Quando si lotta per qualcosa, si lotta inevitabilmente per qualcuno. Dodici anni fa, in un piccolo paese, viveva una ragazza che per muoversi utilizzava una carrozzina. Era diffidente, restia ed incontrare gente, ad uscire, a vivere. Era restia a tutto ciò che significava relazioni umane. Forse, anzi sicuramente, aveva le sue ragioni. A vent’anni vivere in carrozzina non deve essere una cosa piacevole. La incontrai e mi sputò addosso la sua rabbia, il suo rancore verso la vita che le aveva riservato un destino sicuramente non piacevole.
Le proposi, con la mia faccia tosta, e soprattutto resistendo alle sue motivate acidità, di entrare in un programma che prevedeva l’incontro con un operatore, e da lì uscite sul territorio. 
Ofelia, che non si chiama Ofelia, ma che io chiamerò così, accettò.
Sono stato un buon venditore.
Ma accettò con riserva. Mi chiese di fare una promessa. Una promessa tosta, molto tosta. Mi chiese di promettere che il servizio, che nel frattempo le cominciava a piacere, non sarebbe finito mai. 
Era, veramente, una promessa tosta.
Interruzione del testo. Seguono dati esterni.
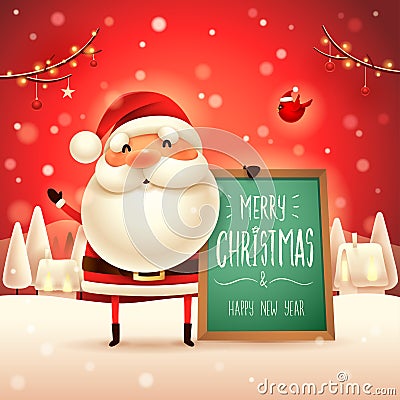 Merry Christmas! Santa Claus with message board in Christmas snow scene landscape Vector Illustration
Alla fine, dopo lunghe contrattazioni, le promisi che avrei fatto il possibile e l’impossibile per far durare questo servizio.
Non fu così. I soldi finirono, e a nulla valsero le mie questue in giro per i Comuni, per il comune di Ofelia, per la Regione, per la Provincia, per il Mondo.
Per la mia coscienza.
A nulla valsero i miei tentativi di attivare volontari. Nulla, niente. Zero.
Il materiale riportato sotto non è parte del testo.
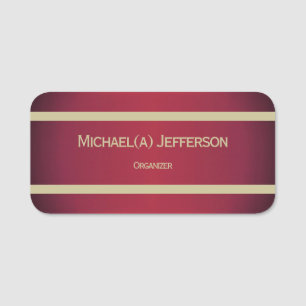 Modern Burgundy Red and Gold: Elegant Name & Title Tag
Il servizio finì ed Ofelia fu di nuovo sola. Fu sola dopo aver vissuto un anno di affetto e relazioni. Dopo aver vissuto un anno nuovo. Un anno finito troppo presto.
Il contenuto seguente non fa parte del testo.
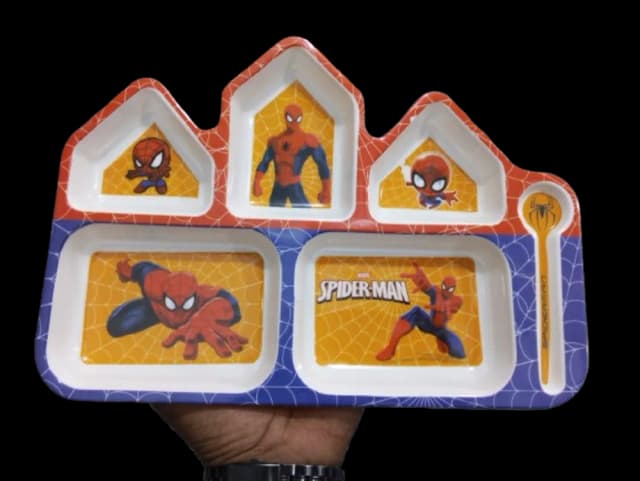 Spider Man Themed Divided Kids Feeding Dish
Grazie per averti avuto, anche se ce lo hai tolto…spesso si legge. Ma non è così, sempre.
Ofelia, fu sola. Io fui in parte bugiardo, ogni tanto dico a me stesso. In parte, perché lottai, Dio solo sa quanto lottai…ma Ofelia fu sola lo stesso, ed io fui bugiardo.
Questo è quello che, purtroppo, conta.
Ogni tanto passo dalla casa di Ofelia. Di fronte al mare, in faccia al tramonto, nei dolci pomeriggi di primavera, quando tutto sembra più bello, anche la vita in carrozzina. 
Soprattutto per chi cammina. 
Non ebbi mai il coraggio di entrare, di bussare e dire a sua madre, sofferente madonna, che sono quello che vendeva servizi e prometteva vittorie.
Ancora oggi, ogni tanto, come stasera, penso ad Ofelia, ed allora l’impegno aumenta, la rabbia monta, il disprezzo per chi ignora i diritti della gente assume toni forse inadeguati, forse esagerati.
Ululo alla luna, ed essa non risponde. ( ed allora scrivo)
Ofelia non lo saprà mai, ma io continuo, dopo dodici anni, ad ululare anche per lei.
O forse per me…chissà.

mercoledì 18 giugno 2014

il profumo dell'ultimo giorno di Scuola.....

L’ultimo giorno di scuola, nell’80, era come tutti gli ultimi giorni di scuola che si sarebbero susseguiti negli anni a venire.
Un’aria triste e nello stesso tempo eccitata, frizzante, densa di futuro si respirava tra i banchi, semivuoti, e tra noi compagni, smarriti nella giovanile spacconeria.
Il passato fatto di amori soltanto immaginati, di jeans sdruciti e di gruppi accoglienti e crudeli nello stesso tempo era già dietro.
Come dietro di noi erano già le prime assemblee d’istituto, i bianchi, rossi e neri, i cortei per essere semplicemente ascoltati.
E la vecchia Simca 1000 verde bottiglia che vorrei  poter guidare ancora una volta….
Le feste del liceo, i lenti ed il profumo di lei. La lei di tutti noi….
Il durante erano solo e soltanto gli esami.
Andar bene significava il futuro, incerto, in giacca e cravatta o in divisa.
Andar male significava tornare nel liquido amniotico del Liceo, magari con la stelletta fascinosa e maledetta dei ripetenti.
Ma la vita non è così semplice, ti avvolge, t’incarta, ti spinge, ti governa. Fa per te mentre pensi di fare per lei.
Andò bene, compagni dell’80. Andò bene tra voglia di mare e nostalgia.
I ragazzi insicuri di qualche anno prima, con gli abiti fuori moda ed i libri nella cartella, prima delle cinghie, si dovevano trasformare per forza in uomini.
Le ali cadevano per far posto ai piedi, rigorosamente per terra. Mai sulle nuvole.
Ragazzi, il profumo dell’ultimo giorno di scuola non lo sentirete più nella vita.
Tenetevelo stretto nei vostri ricordi, imbottigliatelo e liberatelo sulla via del tramonto, quando la vita comincia, naturalmente, a profumare di poco.